The constant need to raise money meant there was a competition to be in the local and national tech headlines. The demand for PR firms skyrocketed. Since there was little revenue and certainly no profits in sight for these startups, the focus was on PR. The more mentions in the news, the more visibility with potential funders. It was about building excitement to attract funding, not necessarily executing a solid business plan. I spent significant money on PR consultants and firms in those days just like everyone else. If only I could have that money back now.
One of the prevailing business strategies of the era was to give away your product or service. Get market share fast. It didn’t matter if you were generating revenue; the key was customer acquisition. First to market wins, profits will come later was the attitude pushed by the venture capitalists, and thus adopted by the entrepreneurs. Again, like everybody else in the game, I would acquire customers without regard to profitability. Just get another client on board and issue the press release. The idea of going to another tech event and seeing the same people without a new round of big news was something I dreaded.
Round after round of venture money would prop up companies, giving them a false sense of success. I recall several conversations I had at Internet conferences and venture capital fairs where the entrepreneurs or funders would brag about their burn rates as if it was a measure of success. Others would brag about their employee count or latest round of funding. Seldom did you ever hear someone talking about real revenue, and almost never did the conversation venture into the world of profit.
The book Burn Rate by Michael Wolff was one of the tech reads at the time. I recall reading it and recognizing that I attended some of the very same conferences Wolff was writing about. It was at this point that I began to realize the irrational behavior that was taking place.

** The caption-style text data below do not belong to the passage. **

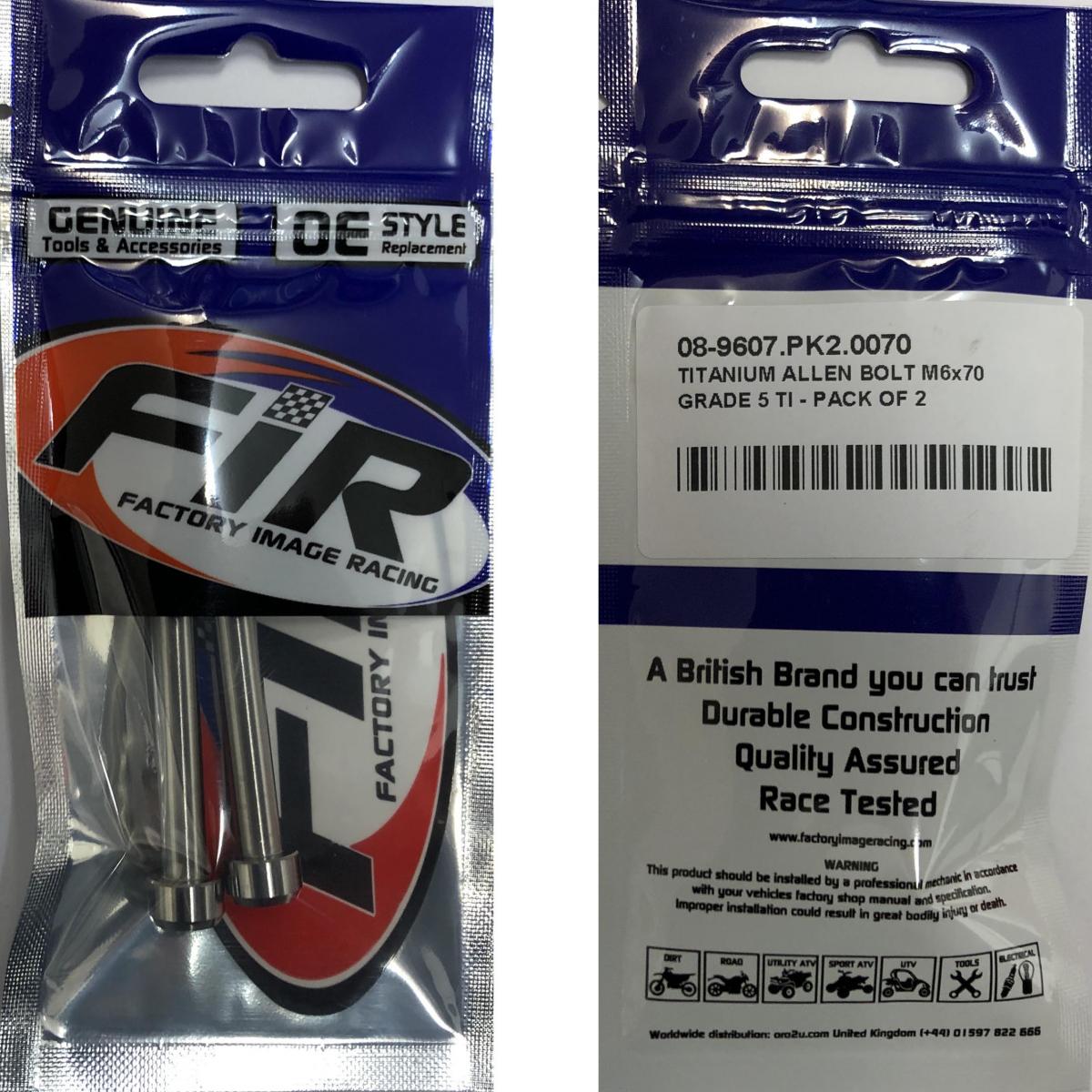 TITANIUM ALLEN BOLT M6x70, GRADE 5 TI - PACK OF 2 thumbnail 2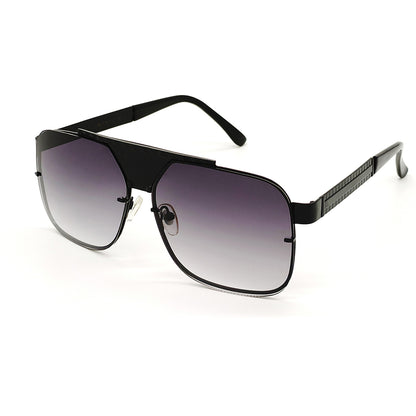 Black SELTOS Square Sunglasses (SUN-LV-5996-BLK2BLK)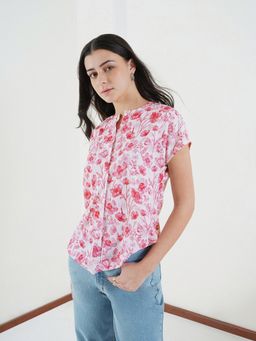 FABLE STREET - Floral Relaxed Floral Sleeve Shirt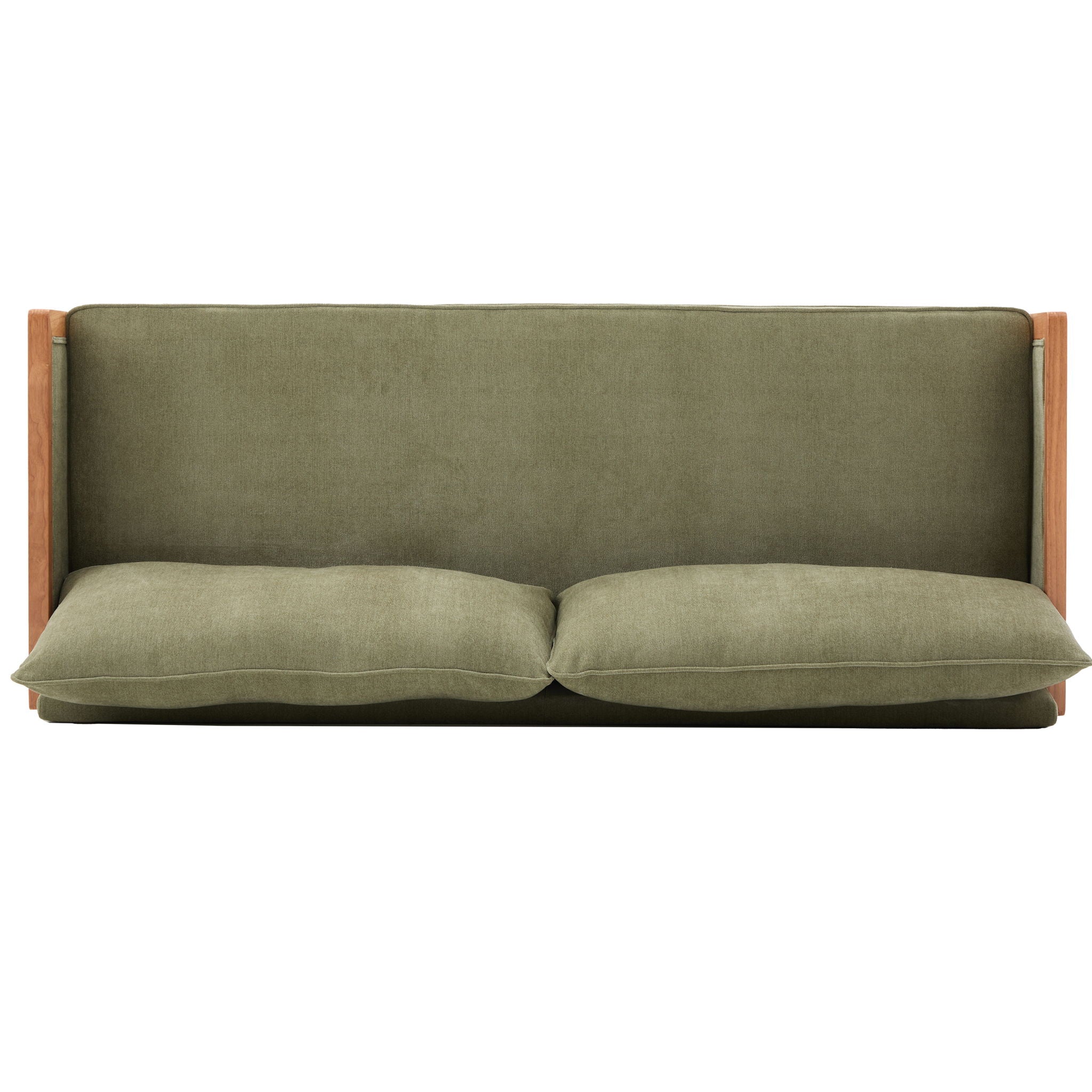 Modern 3 Seater Sofa With Wood Armrests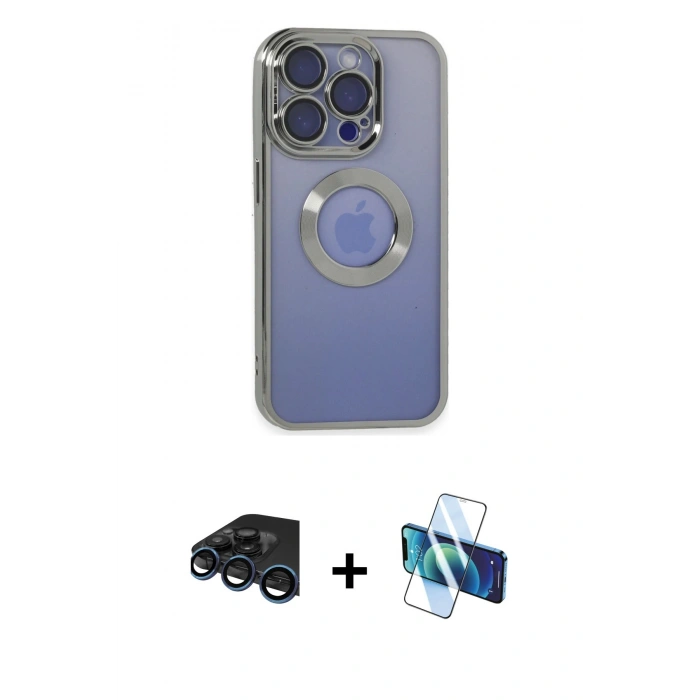 MARSİLYAN™- iPhone 15 Pro Kılıf Pusula Form - Siyah 3D Antistatik Seramik Nano Ekran Koruyucu + Raze Metal Kamera Lens - LT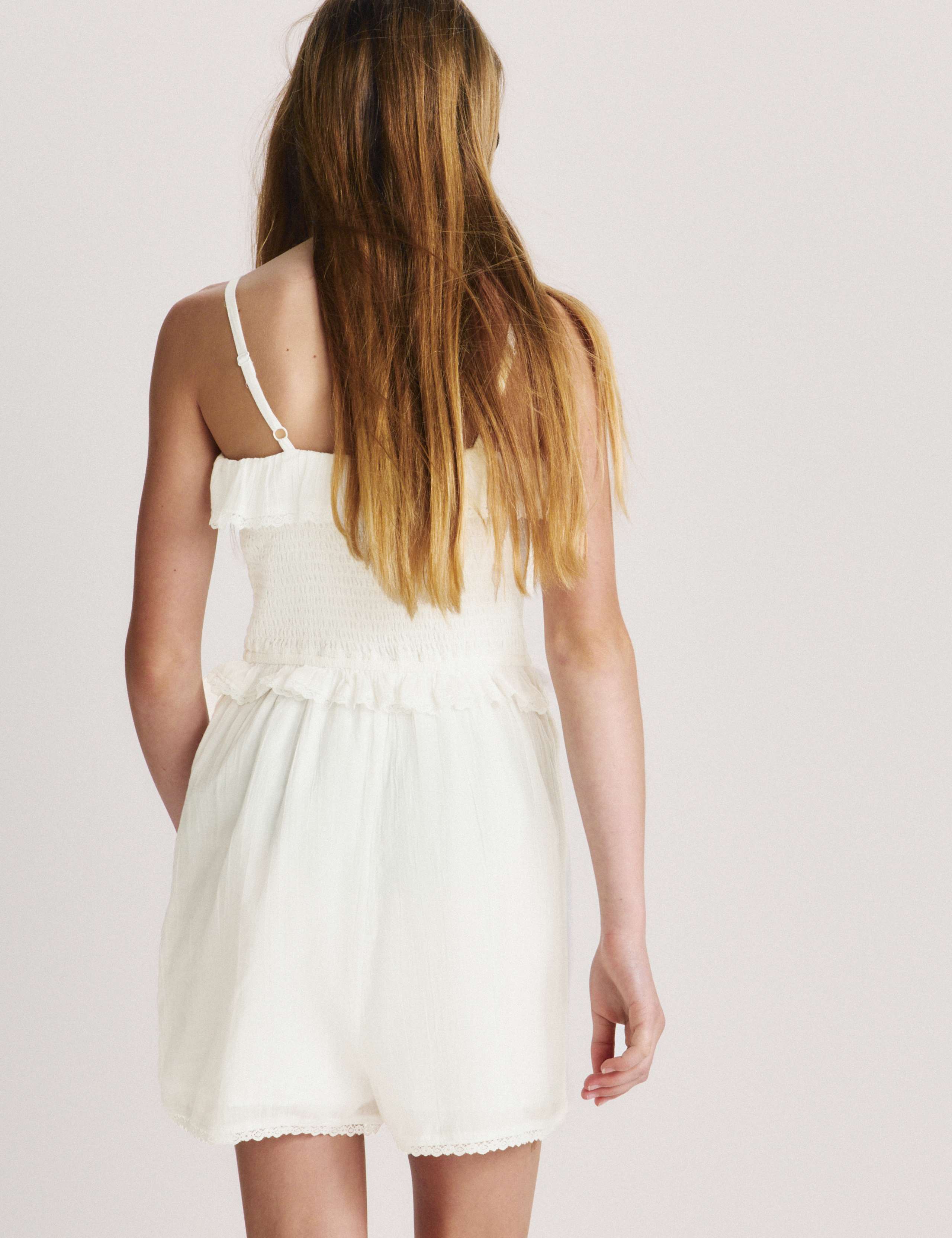 Pure Cotton Frilled Shirred Playsuit (6-16 Yrs) 4 of 6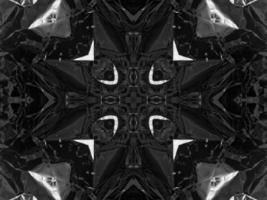 Black silver metalic kaleidoscope background. Abstract and symmetric pattern with dark vibes. photo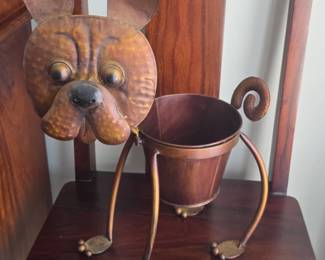 French Bulldog Metal Planter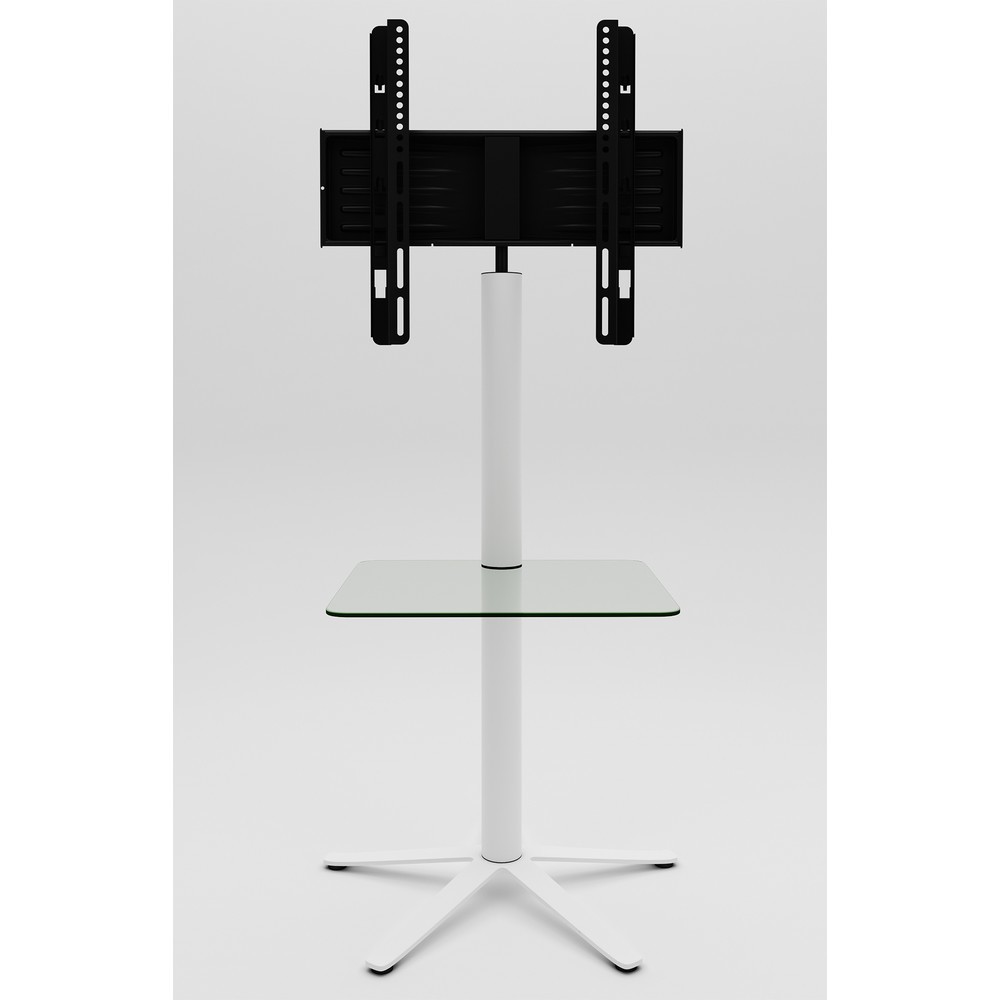 Imagen del producto: Soporte vertical de TV Xila con estante intermedio, blanco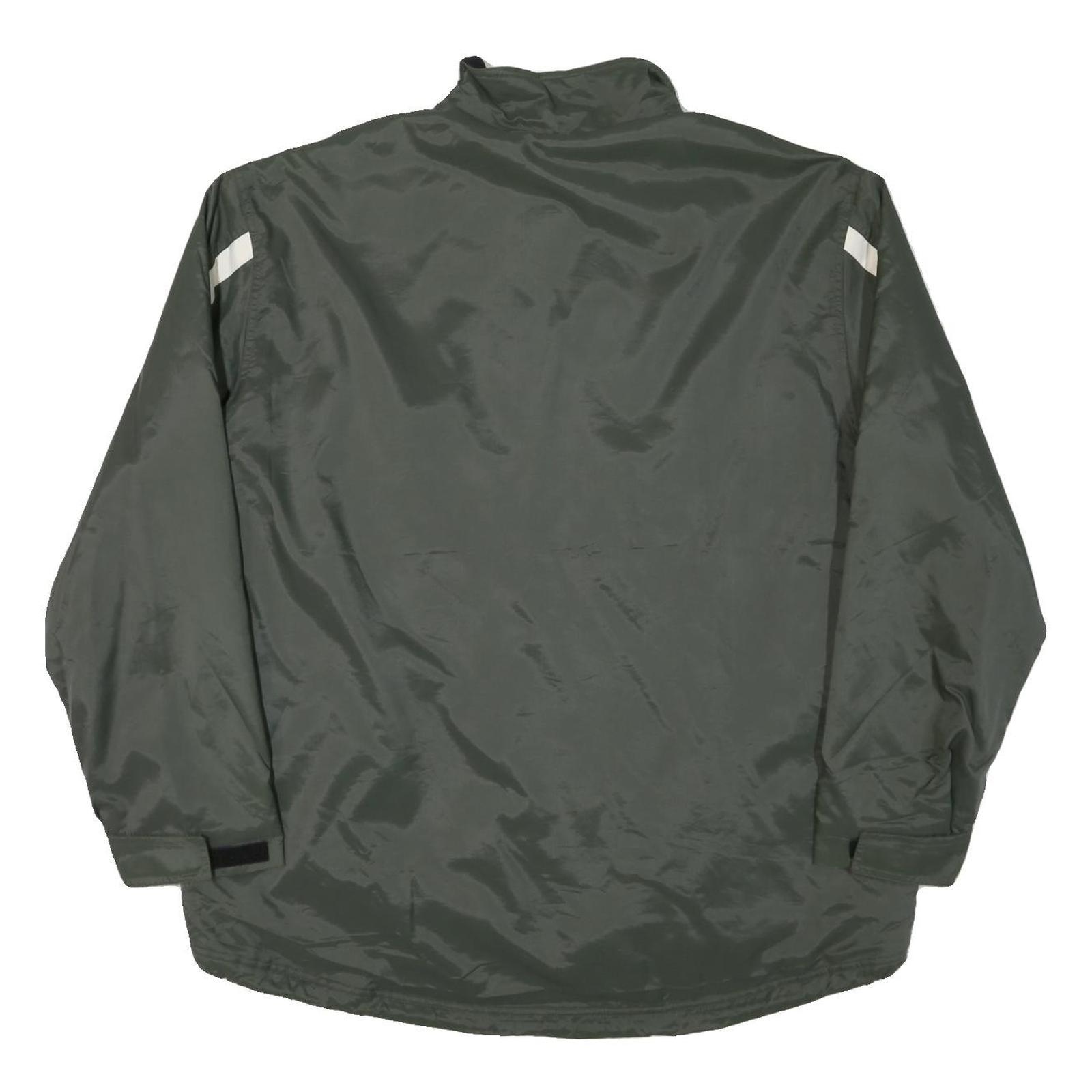NIKE Mens Green & White Zip Jacket XL Polyester Blend Plain Lightweight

As the son of a traditional banker, I was raised to be fiscally conservative. As an economics major, I learned every market has cycles and is supported by rational expectations. The valuations that companies were fetching and using to go public were supported by exuberance, and not solid business and financial fundamentals. The day of reckoning would come.
The bubble popped in March of 2000 and the era began to deflate. Funding dried up for many companies. Internet firms moved to slash their burn rates as quickly as possible. Visions of employees becoming millionaires from their stock options began to dissolve.
Fortunately, for me and those of us at ApplyYourself, this was not the end, but rather our turning point. It was our time to refocus and get down to real business, the business we should have been doing from the beginning.